╭─ INFORMATION
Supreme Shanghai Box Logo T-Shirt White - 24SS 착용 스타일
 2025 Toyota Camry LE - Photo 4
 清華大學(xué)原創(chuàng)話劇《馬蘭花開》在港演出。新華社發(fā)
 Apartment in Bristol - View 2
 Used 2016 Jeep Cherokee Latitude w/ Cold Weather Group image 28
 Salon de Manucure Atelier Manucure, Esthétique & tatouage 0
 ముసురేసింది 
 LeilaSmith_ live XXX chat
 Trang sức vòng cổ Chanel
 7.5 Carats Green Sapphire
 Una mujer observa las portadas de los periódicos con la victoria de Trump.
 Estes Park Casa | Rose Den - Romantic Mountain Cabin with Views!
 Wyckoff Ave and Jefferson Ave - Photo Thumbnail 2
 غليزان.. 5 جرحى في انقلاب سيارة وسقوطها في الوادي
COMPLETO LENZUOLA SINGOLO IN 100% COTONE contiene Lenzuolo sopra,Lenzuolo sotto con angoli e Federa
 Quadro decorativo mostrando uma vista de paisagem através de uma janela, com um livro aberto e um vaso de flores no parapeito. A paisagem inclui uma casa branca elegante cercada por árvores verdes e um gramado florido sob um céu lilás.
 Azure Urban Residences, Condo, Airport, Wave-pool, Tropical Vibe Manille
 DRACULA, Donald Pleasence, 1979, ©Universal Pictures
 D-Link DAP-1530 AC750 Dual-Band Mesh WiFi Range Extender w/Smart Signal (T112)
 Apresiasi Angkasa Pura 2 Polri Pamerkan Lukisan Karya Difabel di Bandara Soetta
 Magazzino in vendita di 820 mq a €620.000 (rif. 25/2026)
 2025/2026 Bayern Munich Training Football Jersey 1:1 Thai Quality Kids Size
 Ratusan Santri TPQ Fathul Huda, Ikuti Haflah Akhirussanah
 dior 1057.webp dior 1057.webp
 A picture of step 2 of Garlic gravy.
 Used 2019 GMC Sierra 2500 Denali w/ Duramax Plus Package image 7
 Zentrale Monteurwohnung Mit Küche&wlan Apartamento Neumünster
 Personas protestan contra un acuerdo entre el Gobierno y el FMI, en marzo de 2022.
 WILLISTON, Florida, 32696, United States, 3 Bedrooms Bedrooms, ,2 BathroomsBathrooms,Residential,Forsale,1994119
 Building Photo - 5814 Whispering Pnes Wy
╰─
* WHAT IS NEEDED
Output the lines above between the one holding "Estes Park Casa" and the one holding "Personas protestan contra", inclusive, with nothing before or after them.

* ANSWER TO THIS PROBLEM
 Estes Park Casa | Rose Den - Romantic Mountain Cabin with Views!
 Wyckoff Ave and Jefferson Ave - Photo Thumbnail 2
 غليزان.. 5 جرحى في انقلاب سيارة وسقوطها في الوادي
COMPLETO LENZUOLA SINGOLO IN 100% COTONE contiene Lenzuolo sopra,Lenzuolo sotto con angoli e Federa
 Quadro decorativo mostrando uma vista de paisagem através de uma janela, com um livro aberto e um vaso de flores no parapeito. A paisagem inclui uma casa branca elegante cercada por árvores verdes e um gramado florido sob um céu lilás.
 Azure Urban Residences, Condo, Airport, Wave-pool, Tropical Vibe Manille
 DRACULA, Donald Pleasence, 1979, ©Universal Pictures
 D-Link DAP-1530 AC750 Dual-Band Mesh WiFi Range Extender w/Smart Signal (T112)
 Apresiasi Angkasa Pura 2 Polri Pamerkan Lukisan Karya Difabel di Bandara Soetta
 Magazzino in vendita di 820 mq a €620.000 (rif. 25/2026)
 2025/2026 Bayern Munich Training Football Jersey 1:1 Thai Quality Kids Size
 Ratusan Santri TPQ Fathul Huda, Ikuti Haflah Akhirussanah
 dior 1057.webp dior 1057.webp
 A picture of step 2 of Garlic gravy.
 Used 2019 GMC Sierra 2500 Denali w/ Duramax Plus Package image 7
 Zentrale Monteurwohnung Mit Küche&wlan Apartamento Neumünster
 Personas protestan contra un acuerdo entre el Gobierno y el FMI, en marzo de 2022.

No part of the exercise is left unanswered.